# Missing Profiles in LR on iPad



## stevevp (Feb 17, 2020)

I am travelling in Sri Lanka and have just imported my first batch of photos into Lightroom on my iPad (and a joy that this can now be done directly and not via Apple Photos). I find that all the photos have been imported with the Matrix profile, the usual Adobe profiles like Adobe Color are missing. Grateful any advice. I attach a screenshot.


----------



## stevevp (Feb 17, 2020)

All very strange, the missing profiles have now appeared. I was also missing the colour noise reduction section under Detail. That’s also now appeared.


----------



## Victoria Bampton (Feb 18, 2020)

Oh good! Yeah, they're supposed to download on demand if they're not already available locally, but it can take a while.


----------



## stevevp (Feb 18, 2020)

Thanks Victoria. The annoying thing is that, once the profiles had downloaded,  I had to manually change the profile for each imported photo one at a time as I couldn’t find a way to do a bulk edit! Fortunately there were only a hundred or so pics!
Cheers, Steve


----------



## Victoria Bampton (Feb 18, 2020)

stevevp said:


> I couldn’t find a way to do a bulk edit!

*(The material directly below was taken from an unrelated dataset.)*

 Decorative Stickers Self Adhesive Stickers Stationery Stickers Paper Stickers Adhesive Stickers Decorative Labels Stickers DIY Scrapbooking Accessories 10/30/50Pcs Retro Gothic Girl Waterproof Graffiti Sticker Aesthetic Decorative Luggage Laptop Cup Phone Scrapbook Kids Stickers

Next time, see the Copy/Paste lesson in your Edit Like a Pro book. It's page 149 in the latest release.


----------



## stevevp (Feb 18, 2020)

Oops, will do. I’ve got a copy on my iPad.


----------



## Sverre (May 31, 2020)

I also got Matrix profile and BW images when I import RAW from my Olympus E-M1 iii to iPad. How can I choose another profile as default?


----------



## Victoria Bampton (May 31, 2020)

That's quite a vague question Sverre. If you go to the Profiles panel for one of those photos, is Matrix the only option that shows up?


----------



## Sverre (Jun 2, 2020)

Sorry about my unclear post. 

I connect my iPad to my camera and import directly using a USB-C cable.  Recently all my imported raw images are black and white when imported.  When I go to edit the profile is named Matrix. 
I cannot find any Adobe profiles on my iPad - only Camera matching, Artistic and others. Cannot find the assigned profile Matrix.

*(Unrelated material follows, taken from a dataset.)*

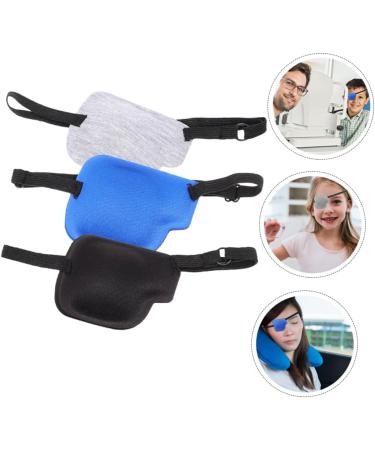 3pcs Soft Eye Masks - Daily Eye Protector Patches for Outdoor Use | Wear-Resistant Amblyopia Covers in Assorted Colors - Buy Online on GoSupps.com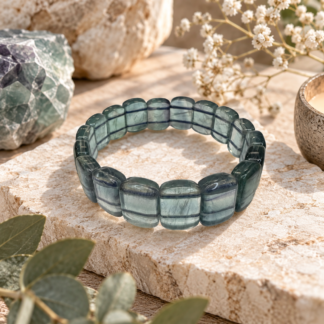 Armband A32 - blå fluorit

When I sync with Lightroom classic it change to color also on my iPad after syncing back after import. But still profile Matrix on my iPad and Adobe Standard on my PC.


----------



## Sverre (Jun 2, 2020)

Deleted the app and reinstalled. Seems to have fixed the problem.


----------



## Victoria Bampton (Jun 3, 2020)

Oh good, that's what I was about to suggest!


----------